Glibberige Kügelchen in süßem Tee verkaufen sich seit ein paar Monaten blendend: Was steckt hinter dem Phänomen Bubble Tea?.

Zweimal Steak mit Pommes  – für ... Ernährungsexperten heftig kritisiert.  | Foto: dpa
Zweimal Steak mit Pommes – für so viel Brennwert pro Plastikbecher wird der Bubble Tea von Ernährungsexperten heftig kritisiert. Foto: dpa

Freiburg ersäuft in bunten Kugeln. Sechs Bubble-Tea-Läden gibt es in der Innenstadt. In futuristischen Plastikschänken mit dem Charme einer Frauenarztpraxis mischen hippe Verkäufer Glibberkügelchen mit verdünntem Sirup. Auch McDonald’s serviert seit zwei Wochen das taiwanesische Modegetränk. Aber weshalb hat es dieser zuckrige Tee überhaupt zum Hype geschafft?

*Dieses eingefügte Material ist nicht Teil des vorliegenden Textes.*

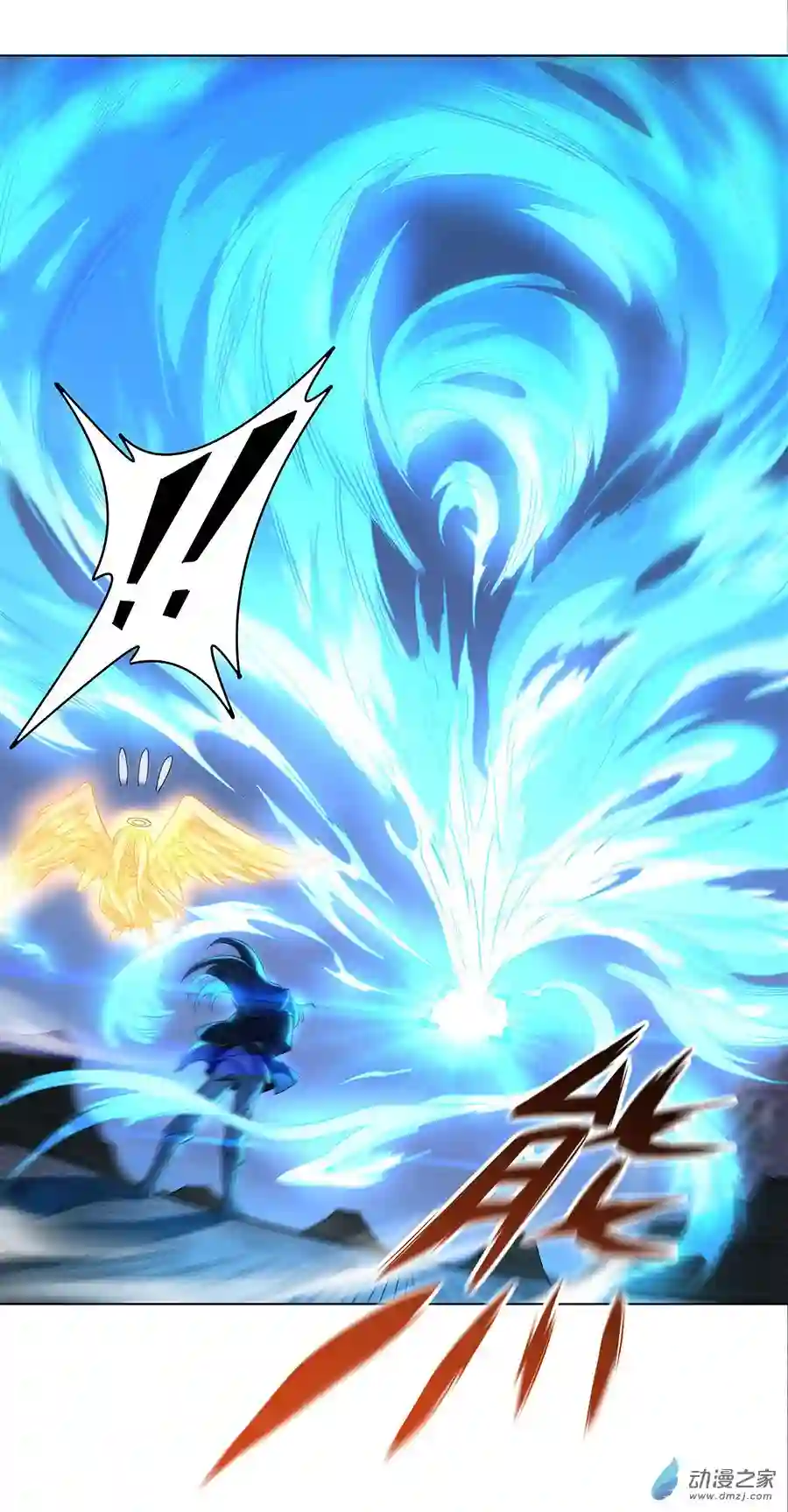 我的女徒弟们都是未来诸天大佬第07话 该您出手了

Die Schlange reicht bis zur Tür. Teenager, viele übergewichtig, drängen sich um die bunt leuchtende Menükarte. "Princess-Bubble-Tea klingt gut", findet ein Mädchen im engen Neon-Top, und wenige Minuten später hält es das Kunstwerk in der Hand: Erdbeermus, Milch, gefrorener Joghurt, Zuckersirup, Schlagsahne, Erdbeer-Gelee-Perlen und pinke Marshmallows. Willkommen im Bubble-Tea-Paradies. Hier, im "Mylicious" im Untergeschoss der Freiburger Schwarzwaldcity, hat vor einem Jahr alles angefangen. Besitzerin Mey Von hat damals das Suppekochen gegen Tee-Blubbern getauscht und damit einen Hype losgetreten, der eigentlich nicht so recht in die deutsche Bio-Hauptstadt passt.

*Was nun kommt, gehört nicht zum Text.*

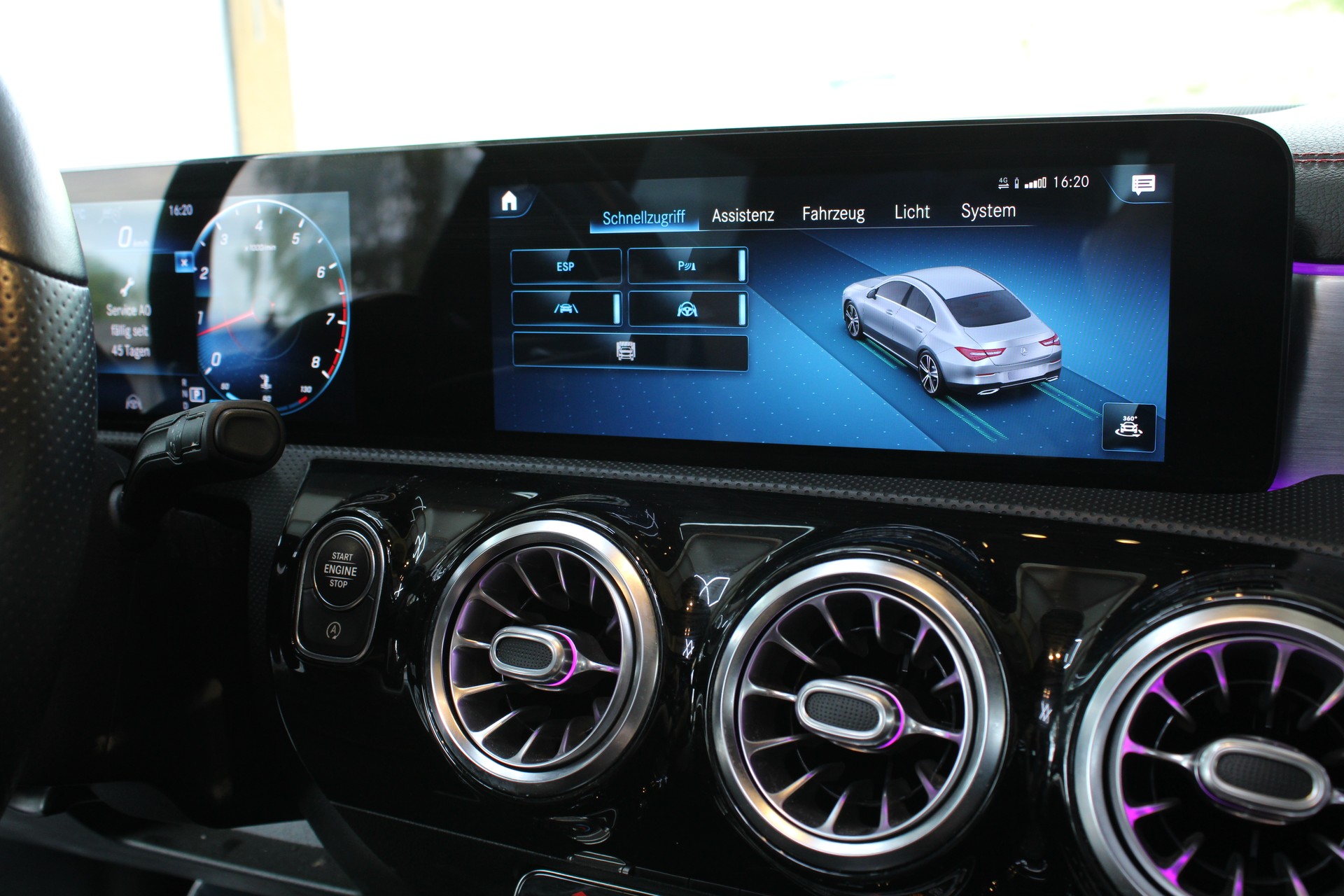MERCEDES-BENZ CLA 250 4Matic AMG Line 7G-DCT-image-13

Überzeugt hat wohl vor allem die Hauptattraktion: Im Mylicious kreiert der Bubble-Fan sein Getränk selbst. Er wählt Teesorte, Geschmacksrichtung, Aggregatzustand, Temperatur, Bubble-Konsistenz, deren Geschmack und die Größe des Bechers. Der Bubble Tea war also kreativ, neu, bunt, lustig – und gefiel vor allem einer sehr jungen Zielgruppe zwischen acht und 16 Jahren. Heute, mit fünf Mal mehr Konkurrenz als vor zwölf Monaten, ist bei Mey Von noch immer volles Haus, denn die Kids bringen längst ihre Eltern mit zum Teeschlabbern.

Einer der treuesten Mylicious-Stammkunden ist der Freiburger Trendsetter und Fun-Food-Spezialist Fabian "Cruel" Baur. Er lässt ganz Freiburg via Twitter wissen, wenn es ihn mal wieder nach den bunten Kugeln gelüstet. Als er an diesem Abend ins Mylicious stolziert, fragt Besitzerin Mey Von ihn fast besorgt: "Du warst aber schon lange nicht mehr hier. Hab mich schon gefragt, was los ist."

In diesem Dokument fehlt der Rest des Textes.